So you want to be strong. Sounds like a pretty decent goal , that is until you start to break down the questions itself. A lot of clients will tell me they want to get stronger. However, when I push a little further, everyone has slightly different ideas on what STRONG actually is. Does it mean you can back squat 2 times your own bodyweight? Is simply the ability to perform day to day activities without struggling? How strong is strong enough?


Strength Isn’t Just One Thing!

Breaking down the question leads to different definitions, so lets breakdown being strong. We are referring to the quality of strength, a quick Google search brings up this

“The capacity of an object or substance to withstand great force or pressure.”

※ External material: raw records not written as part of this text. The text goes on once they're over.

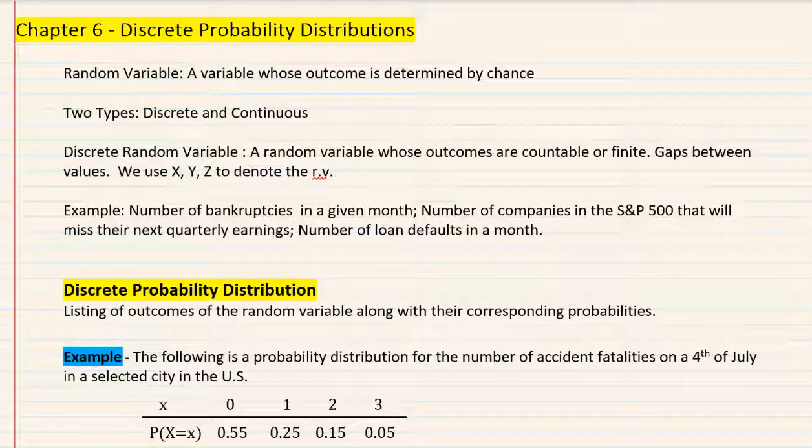In chapter 6, we're going to talk about discrete probability distributions. By the time we finish this chapter, we'll be able to take a look at two very prominent, very common discrete probability distributions. But initially, we're going to first talk about what discrete probability distributions are, and we'll look at a custom example of a custom probability distribution.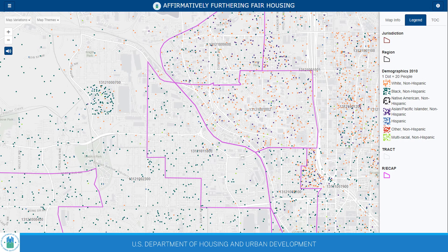The AFFH-T was developed by the U.S. Department of Housing and Urban Development with the goal of supporting jurisdictions and public housing authorities in their fair housing planning processes. The tool is available at no cost and is accessible to the general public, so the AFFH-T can also be used by anyone interested in better understanding fair housing-related conditions. In addition to the online interface, the AFFH-T includes a downloadable version of the dataset that can be used for supplementary or custom analyses.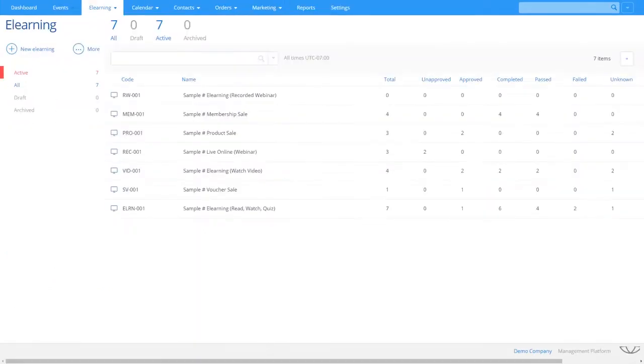Deliver self-paced online learning with Arlo. Use your own LMS or connect Arlo to Moodle for a seamless integration.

Doesn’t really help that much! It’s pretty broad and a bit vague, as it should be.


Types Of Strength

  • Absolute Strength – This is what most people refer to or think of in regards to strength. The ability to move the biggest total load, whether it be a squat or deadlift or whatever.
  • Relative Strength – The ability to move the biggest load in relation to bodyweight. Which is more impressive; a 69kg female squatting 150kg or a 105kg male squatting 250kg?
  • Power/ Speed Strength – How much load can you move when speed is key? How quick is your rate of force development?
  • Strength Endurance – The ability to repeatedly move the highest total load.

Strength Is Relevant to The Goal

The goal itself cannot just to be strong, strength is relevant to a specific goal that will have multiple characteristics. Figure out what it is you are actually looking to achieve. From here you can break it down further and decide how to attack it in your training.

Think about a powerlifter, footballer and stay at home dad that plays skittles on a Saturday. They aren’t going to be working on the same types of strength. They are going to focus on what is most important for them to develop.


Still Want To Be The Strongest Dad In Starbucks?

Without setting out parameters and everyone agreeing to it, you can’t be. When Leading Personal Training in Richmond, I simply won’t accept “I want to get strong” as a goal. Try a bit harder and decide what strength means to you.